What to do ▸ Using the entries below, show all lines with the string "Nissan".

[Data items]
^^^^^^^^^^^^^^^^
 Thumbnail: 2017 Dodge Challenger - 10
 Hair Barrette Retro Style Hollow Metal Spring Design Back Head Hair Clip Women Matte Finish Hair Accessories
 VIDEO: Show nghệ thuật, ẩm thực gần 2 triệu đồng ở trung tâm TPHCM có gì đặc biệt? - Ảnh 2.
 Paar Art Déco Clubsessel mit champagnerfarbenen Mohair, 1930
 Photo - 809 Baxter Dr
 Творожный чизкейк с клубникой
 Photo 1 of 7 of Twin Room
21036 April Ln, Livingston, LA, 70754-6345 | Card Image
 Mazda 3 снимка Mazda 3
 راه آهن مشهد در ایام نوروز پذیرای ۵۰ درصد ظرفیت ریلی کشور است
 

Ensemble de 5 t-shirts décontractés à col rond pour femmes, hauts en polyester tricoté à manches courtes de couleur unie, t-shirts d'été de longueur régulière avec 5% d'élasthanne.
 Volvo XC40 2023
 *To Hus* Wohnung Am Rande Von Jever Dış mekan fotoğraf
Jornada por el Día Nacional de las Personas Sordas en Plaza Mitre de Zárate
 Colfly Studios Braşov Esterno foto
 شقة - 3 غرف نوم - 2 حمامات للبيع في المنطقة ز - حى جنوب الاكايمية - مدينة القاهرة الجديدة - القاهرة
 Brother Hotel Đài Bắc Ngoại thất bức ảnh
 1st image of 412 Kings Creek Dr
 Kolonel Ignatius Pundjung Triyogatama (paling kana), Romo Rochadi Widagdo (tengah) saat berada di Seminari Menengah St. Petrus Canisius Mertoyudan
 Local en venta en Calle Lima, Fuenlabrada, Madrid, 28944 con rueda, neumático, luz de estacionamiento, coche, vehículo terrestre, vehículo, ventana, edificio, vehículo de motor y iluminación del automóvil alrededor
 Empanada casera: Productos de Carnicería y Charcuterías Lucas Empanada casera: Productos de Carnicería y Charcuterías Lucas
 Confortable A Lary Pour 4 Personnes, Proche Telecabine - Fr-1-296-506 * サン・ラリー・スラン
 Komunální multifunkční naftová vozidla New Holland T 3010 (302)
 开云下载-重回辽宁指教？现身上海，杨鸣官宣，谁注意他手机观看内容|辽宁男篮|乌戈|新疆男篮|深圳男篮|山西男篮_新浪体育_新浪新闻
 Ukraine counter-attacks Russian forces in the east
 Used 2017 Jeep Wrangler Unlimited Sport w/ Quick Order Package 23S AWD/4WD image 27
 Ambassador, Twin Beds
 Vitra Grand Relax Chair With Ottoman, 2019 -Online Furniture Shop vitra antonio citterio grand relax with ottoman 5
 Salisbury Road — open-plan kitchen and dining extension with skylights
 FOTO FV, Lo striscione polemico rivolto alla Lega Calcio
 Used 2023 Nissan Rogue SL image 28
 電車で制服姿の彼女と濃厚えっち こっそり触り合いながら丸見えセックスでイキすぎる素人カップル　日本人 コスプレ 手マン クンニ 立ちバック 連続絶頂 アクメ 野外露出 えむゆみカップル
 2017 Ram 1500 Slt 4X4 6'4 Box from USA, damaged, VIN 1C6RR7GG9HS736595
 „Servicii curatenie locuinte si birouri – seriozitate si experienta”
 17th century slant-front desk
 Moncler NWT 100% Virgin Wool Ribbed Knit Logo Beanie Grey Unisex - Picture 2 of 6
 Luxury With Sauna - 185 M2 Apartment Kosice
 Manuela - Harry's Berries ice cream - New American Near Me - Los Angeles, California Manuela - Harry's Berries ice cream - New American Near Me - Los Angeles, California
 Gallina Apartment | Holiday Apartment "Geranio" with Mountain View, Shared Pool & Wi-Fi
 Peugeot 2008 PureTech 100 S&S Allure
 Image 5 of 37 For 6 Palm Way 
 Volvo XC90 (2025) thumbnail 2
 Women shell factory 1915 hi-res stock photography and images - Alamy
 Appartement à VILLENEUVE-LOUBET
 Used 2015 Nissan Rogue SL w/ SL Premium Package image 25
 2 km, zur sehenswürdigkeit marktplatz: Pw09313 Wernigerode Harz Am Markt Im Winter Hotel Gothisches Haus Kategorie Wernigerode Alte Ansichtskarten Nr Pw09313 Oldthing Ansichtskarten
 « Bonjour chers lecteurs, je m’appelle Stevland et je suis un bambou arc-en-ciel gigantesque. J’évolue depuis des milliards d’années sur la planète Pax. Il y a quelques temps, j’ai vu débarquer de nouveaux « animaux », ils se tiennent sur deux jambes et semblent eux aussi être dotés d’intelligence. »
^^^^^^^^^^^^^^^^
Output for this task ▸
 Used 2023 Nissan Rogue SL image 28
 Used 2015 Nissan Rogue SL w/ SL Premium Package image 25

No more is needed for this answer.